If you’ve heard me talk, you know that I’m ridiculously passionate about link building that, ahem, works.

I mean, getting a couple links out of a campaign is nice. After all, a link is a link. But if you’ve done all the work to find 100 “webmasters,” researched their background and contact info, sent each of them the best link request email you could muster, then a follow up, then another follow up… that’s a lot of work. Are you happy if you walk away with only 3 links?

If so, congrats! Well done. After all, three links is way better than zero links.

But, I’d rather have 50 links.

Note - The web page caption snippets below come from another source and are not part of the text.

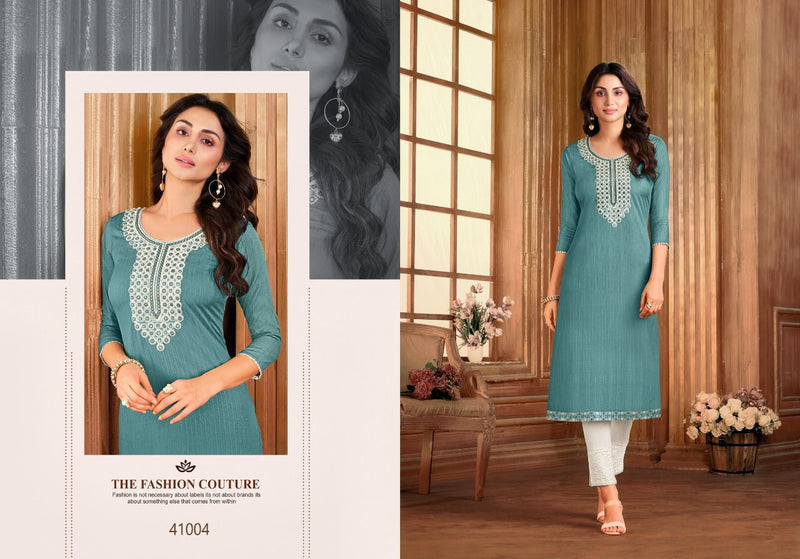 Kapil Trendz Twisha Rayon With Fancy Stylish Designer Festive Wear Casual Look Kurti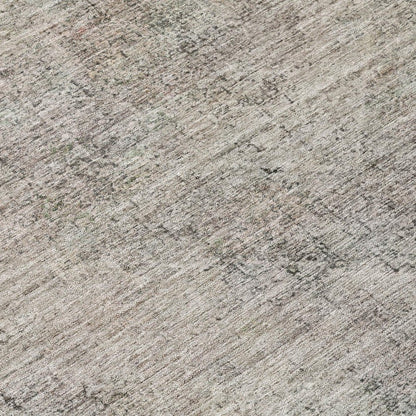 8' X 10' Beige And Brown Oriental Washable Indoor Outdoor Area Rug HomeRoots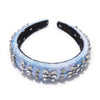 Lele Sadoughi HEADBANDS CAPRI BLUE CRYSTAL BROCADE ALICE HEADBAND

Maybe even 100. If we’re going to do this, let’s do it right!

Tip #1: Mass Emailing — Just Stop It

What? No more batch-and-blast your way to success? Believe it or not, the “Hey, we’ve never met, but would you link to me?” approach still happens… a lot.

Still batch-and-blast link building?

Image courtesy of SEOperks

If you’re happy with a 3% (or less) success rate, then be my guest. Batch those link-begging emails and blast away, baby.

Tip #2: Make Sure They Know You Before You Ask For A Link

Here’s a shocker: You can actually connect with a potential link partner… before asking for a link. (Pause for emphasis.)

No, really — it’s easier than you think. Follow link partners on social networks; send them a meaningful question about an important topic; comment on their blog. Do something — anything — to initiate contact without being sales-pitchy.

If you like killing two birds with one stone, check this out: try asking a link partner about a blog post idea. Let’s say there’s a big convention coming up in your industry. Why not get their thoughts on it?

Hi Billybob,

I’ve been following your blog for some time now and appreciate your insights. As I’m sure you know, the ABC Convention is coming up and as a fellow blogger I was wondering if I could get your opinion.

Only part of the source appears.